You cannot replicate the joy of waiting by giving a child everything they want immediately.
Most people focus on the lost activities—the fishing in polluted rivers, the stealing of half-cooked eggs, the sleeping on rooftops. They call it nostalgia. But the deeper loss is the necessity of patience, of physical effort, of unstructured time—elements that cannot be bought or recreated by any “retro” product or curated experience.
I remember drying sweet potatoes on the roof. My mother would spread them out in the sun, and I would steal them before they were fully dried—chewy, sweet, half-done. I kept grabbing them until she noticed and laughed. Now, my children go to the pantry and grab a vacuum-sealed packet. No waiting. No stealing. No story.
We have traded the joy of almost having for the comfort of always having. And in that trade, something essential has evaporated.
The remedy isn’t to go back to poverty. It’s to recognize that joy isn’t a function of abundance—it’s a function of the relationship between effort and reward. The more we remove effort, the less we feel reward. The more we sanitize childhood, the less we experience its raw texture.
A child who has never stolen a hot piece of bacon from the kitchen counter has missed a core human experience.
So maybe the next time your son or daughter whines about boredom, don’t hand them an iPad. Let them be bored. Let them fan a fire. Let them burn their fingers. Because the greatest joy is not in having everything—it’s in making something from nothing, and knowing you earned it.
That joy is disappearing. But it doesn’t have to be forgotten.
FAQ
Q: Isn't this just romanticizing poverty and hard times?
A: No. It's about recognizing that convenience has a hidden cost. The point isn't to glorify hardship, but to question whether we've traded genuine, earned joy for passive consumption. You can create those conditions of effort and patience in any era—you just have to intentionally resist the easy button.
Q: So should we force our kids to do manual chores and forbid tablets?

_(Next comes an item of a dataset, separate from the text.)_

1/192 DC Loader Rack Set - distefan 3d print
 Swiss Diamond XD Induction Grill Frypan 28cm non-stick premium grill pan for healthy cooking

A: Not exactly. The goal isn't to mimic the past, but to restore the balance. Give children opportunities to wait, to work for rewards, to be bored and create their own fun. A tablet isn't evil—but if it replaces every moment of friction, it steals the chance for deep satisfaction.
Q: But today's kids have different kinds of joy—virtual worlds, online friends, instant access. Isn't that just as valid?
A: Valid, yes. But different in quality. Digital joy is often passive and algorithm-driven; it doesn't require patience, physical effort, or real collaboration. The risk is a generation that feels only the surface of pleasure, never the depth that comes from struggle and shared, imperfect moments.